Au chapitre XXI, après une longue marche, les compagnons arrivent à une impasse et doivent rebrousser chemin, à court d’eau. Ce n’est qu’en voyant son neveu à demi-mort que l’oncle manifeste un semblant d’humanité : « « Pauvre enfant ! » murmura-t-il avec un véritable accent de pitié. Je fus touché de ces paroles, n’étant pas habitué aux tendresses du farouche professeur. Je saisis ses mains frémissantes dans les miennes. Il se laissa faire en me regardant. Ses yeux étaient humides » […] « Oui, fit-il, une gorgée d’eau ! la dernière ! Entends-tu bien ? la dernière ! Je l’avais précieusement gardée au fond de ma gourde. Vingt fois, cent fois, j’ai dû résister à mon effrayant désir de la boire ! Mais non, Axel, je la réservais pour toi. – Mon oncle ! murmurai-je pendant que de grosses larmes mouillaient mes yeux. – Oui, pauvre enfant, je savais qu’à ton arrivée à ce carrefour, tu tomberais à demi-mort, et j’ai conservé mes dernières gouttes d’eau pour te ranimer » » (p. 124). Il refuse d’arrêter l’expédition, mais tente de renvoyer Axel : « – Non, Axel, non ! pars. Je ne veux pas ta mort ! Que Hans t’accompagne. Laisse-moi seul ! » (p. 126). Cela relève du chantage affectif, d’autant qu’il est dangereux de se séparer quand on est si peu nombreux et en danger. Axel tente de se révolter et d’entraîner Hans, mais celui-ci n’en a que pour « le maître » : « – Le maître, m’écriai-je ! insensé ! non, il n’est pas le maître de ta vie ! il faut fuir ! il faut l’entraîner ! M’entends-tu ! me comprends-tu ? » (p. 127). L’oncle finit par demander encore un jour d’exploration avant de se résigner, et c’est le miracle, ils trouvent de l’eau, dont ils suivent le ruissellement vers le bas. C’est alors qu’Axel perd ses compagnons, son chemin et sa lanterne. Ils se retrouveront par miracle grâce à un écho lointain transmis par la roche, et à nouveau l’oncle aura un mouvement humain : « « – Mon enfant, fit mon oncle en me serrant sur sa poitrine, te voilà sauvé ! » Je fus vivement touché de l’accent dont furent prononcées ces paroles, et plus encore des soins qui les accompagnèrent. Mais il fallait de telles épreuves pour provoquer chez le professeur un pareil épanchement » (p. 158).

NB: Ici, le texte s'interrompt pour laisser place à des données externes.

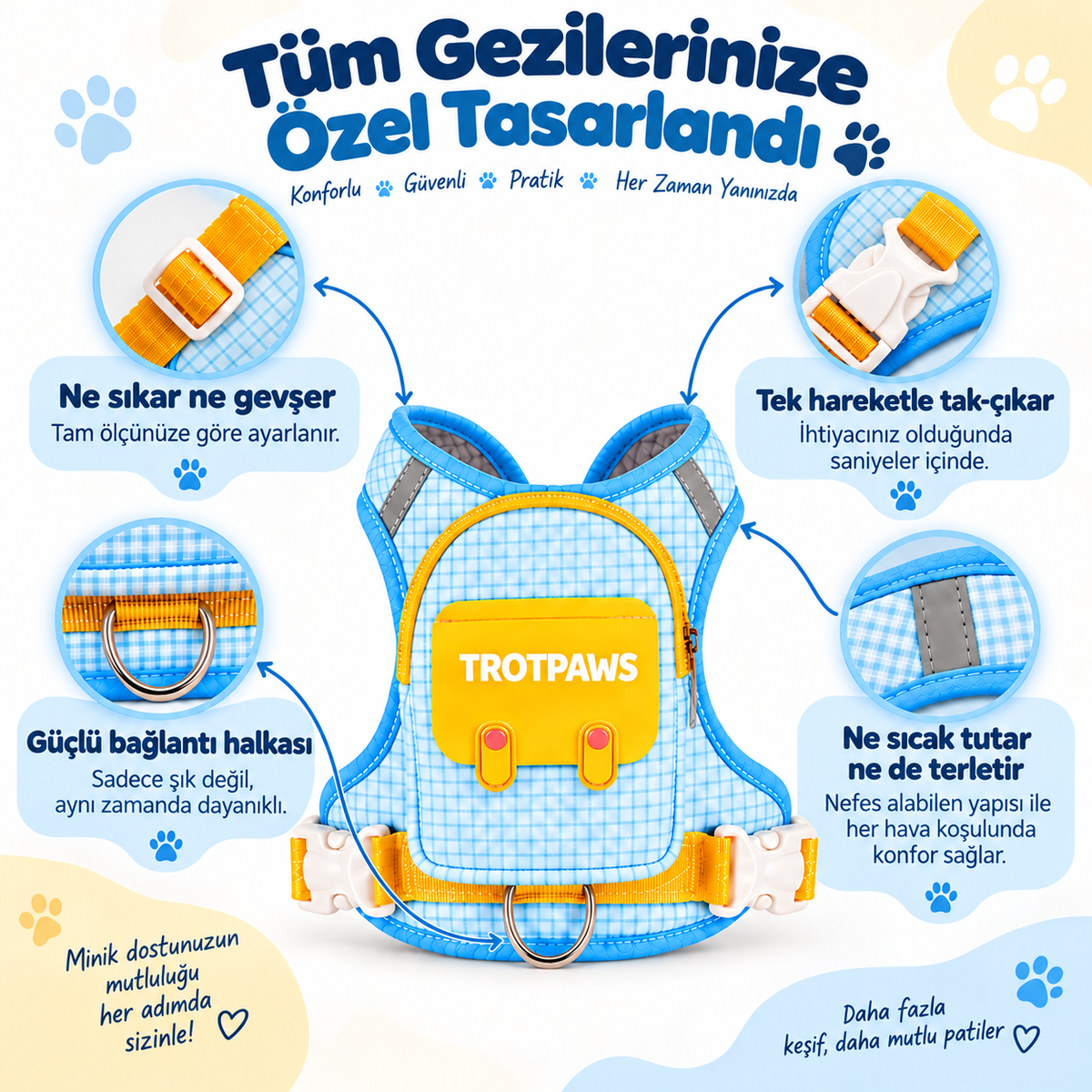 PatiSpa Çantalı Köpek Göğüs Tasması ve Gezdirme Seti
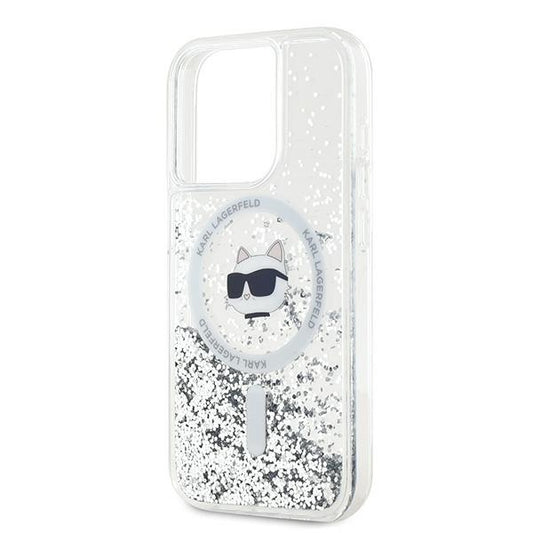 Funda MagSafe para Apple iPhone 15 Pro, Karl Lagerfeld, Liquid Glitter Choupette Head, Transparente
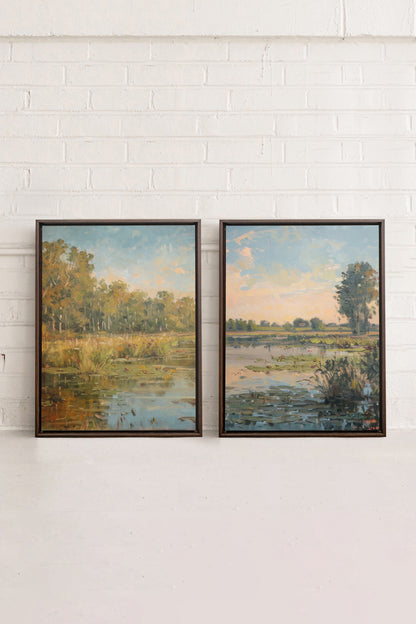 COMBINAISON CROATIAN WATERS, 2 Works on stretched canvas, framed in Walnut Brown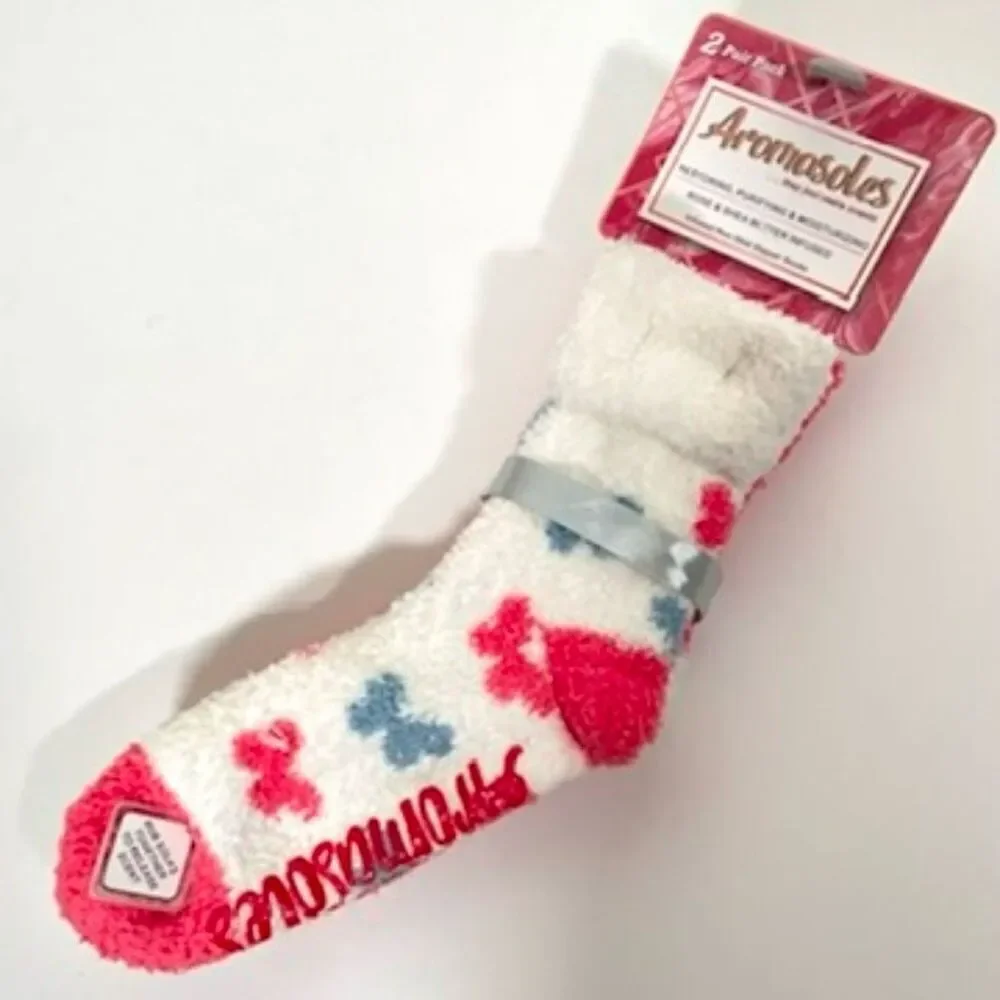 NWT Aromasoles 2 Pair Pack Rose & Shea Butter infused Non Skid Slippers Socks
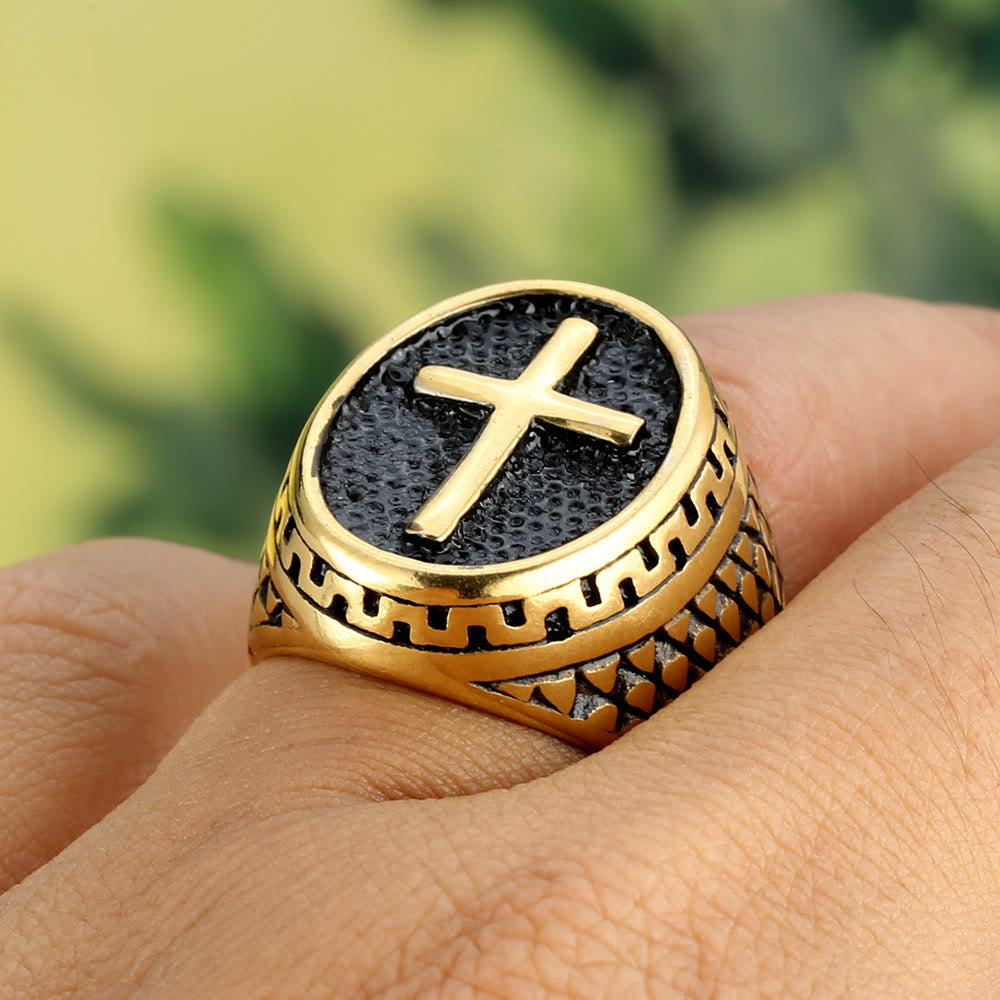 Christianartworkshop Oval Plaque Raised Cross Textured Side Signet Ring: Timeless Emblem of Unshakable Sacred Faith - image 5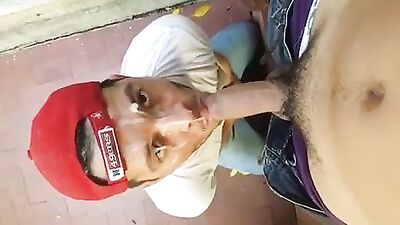 Cumshot all over face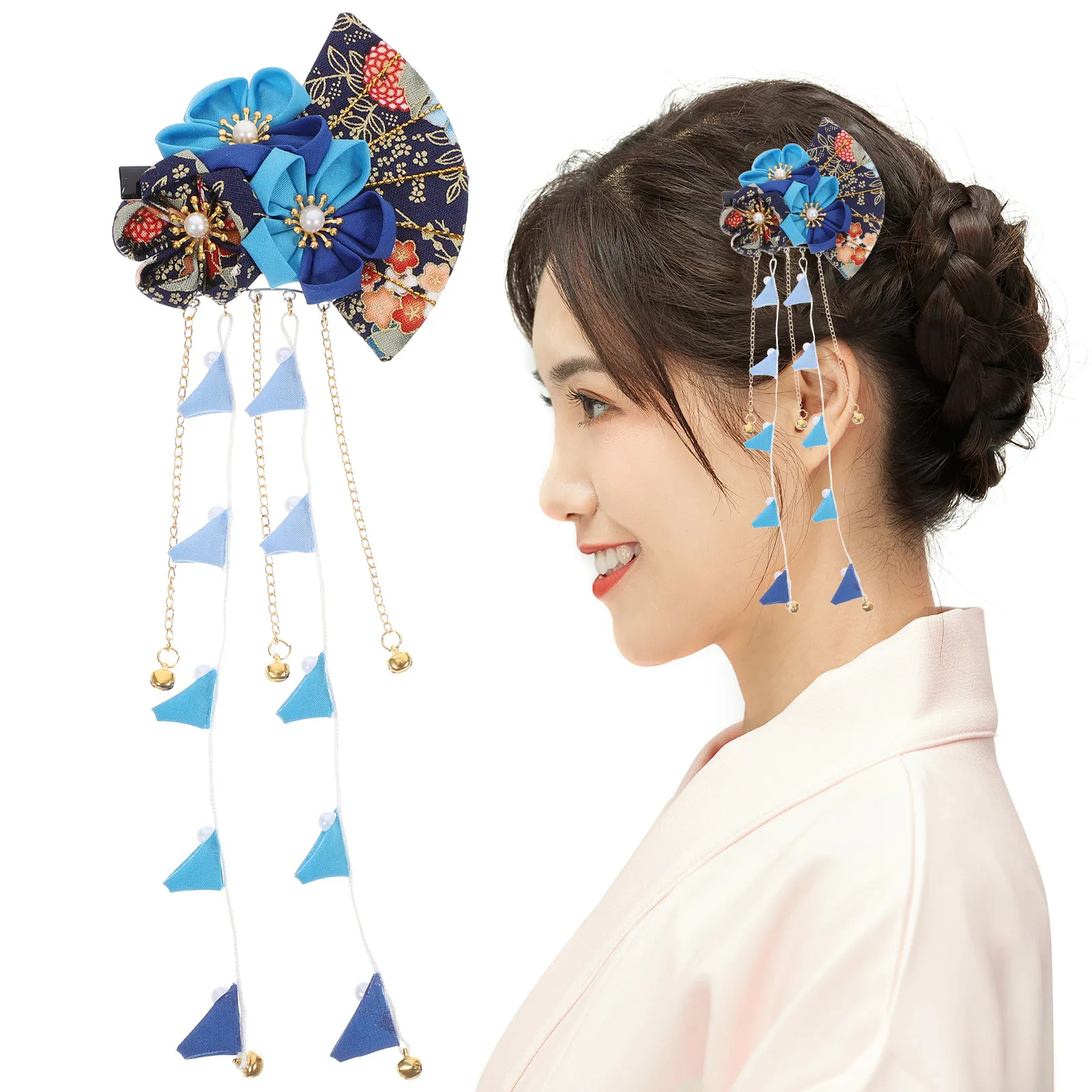 

1Pcs Japanese Style Red Hair Clip Long Tassel Bridal Hairpin Wedding Headdress Hair Decoration for Women Flower Hairpins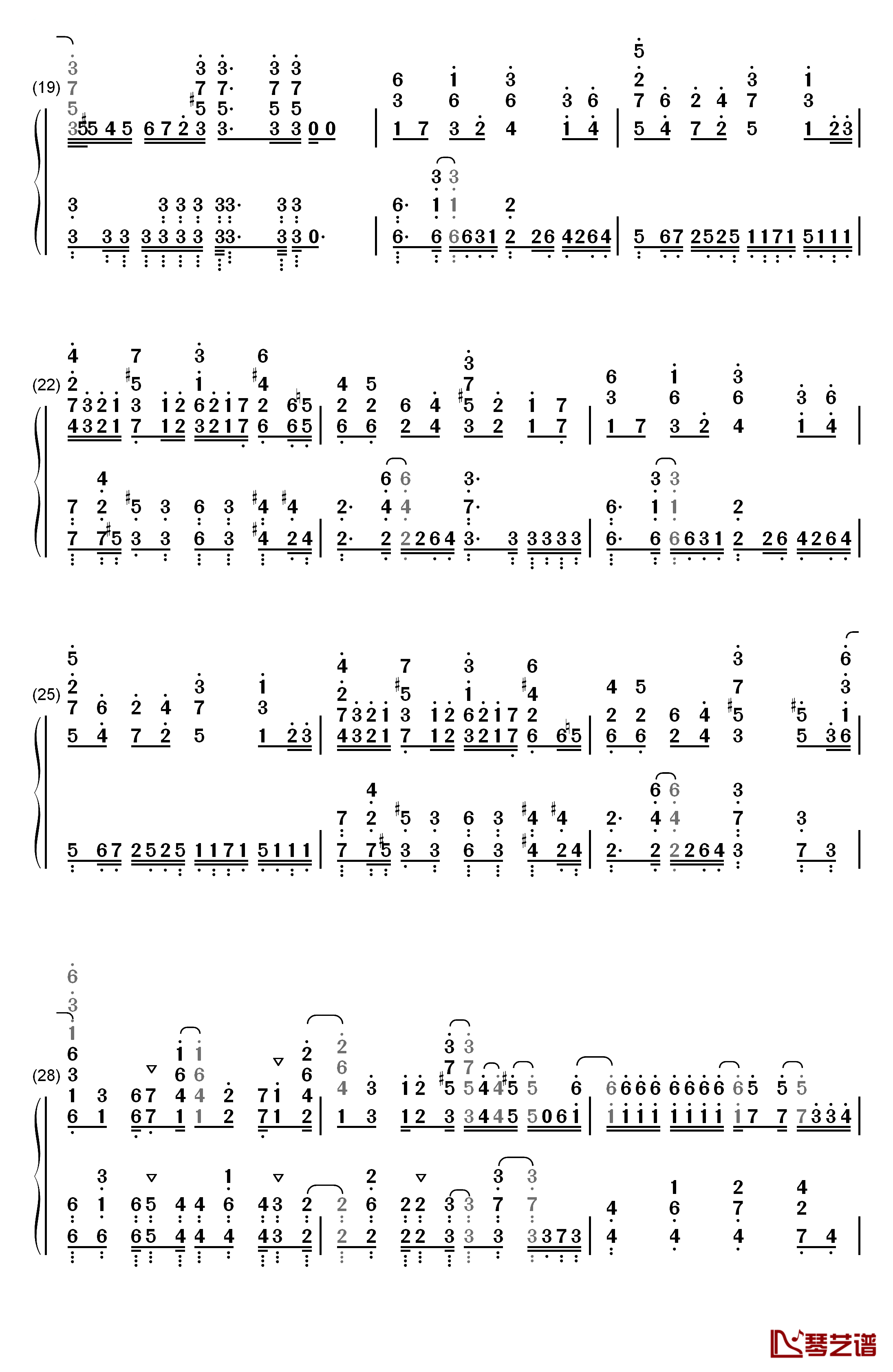 热情のスペクトラム钢琴简谱-数字双手-生物股长3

Les explorateurs aboutissent à une mer intérieure, aussitôt baptisée « mer Lidenbrock » (chacun donnera son nom à un lieu) qu’ils n’hésitent pas à explorer en confectionnant un radeau avec du bois fossile appelé d’un mot islandais : « Le lendemain soir, grâce à l’habileté du guide, le radeau était terminé ; il avait dix pieds de long sur cinq de large ; les poutres de surtarbrandur, reliées entre elles par de fortes cordes, offraient une surface solide, et une fois lancée, cette embarcation improvisée flotta tranquillement sur les eaux de la mer Lidenbrock » (p. 175).
Au chapitre XXXII, on passe du roman rétrospectif à la première personne à un journal de bord d’Axel pour la traversée de cette mer qui se révèle immense. Le procédé est artificiel, car à de rares exceptions, cela ne change rien au récit qui de toute façon racontait tout par le menu.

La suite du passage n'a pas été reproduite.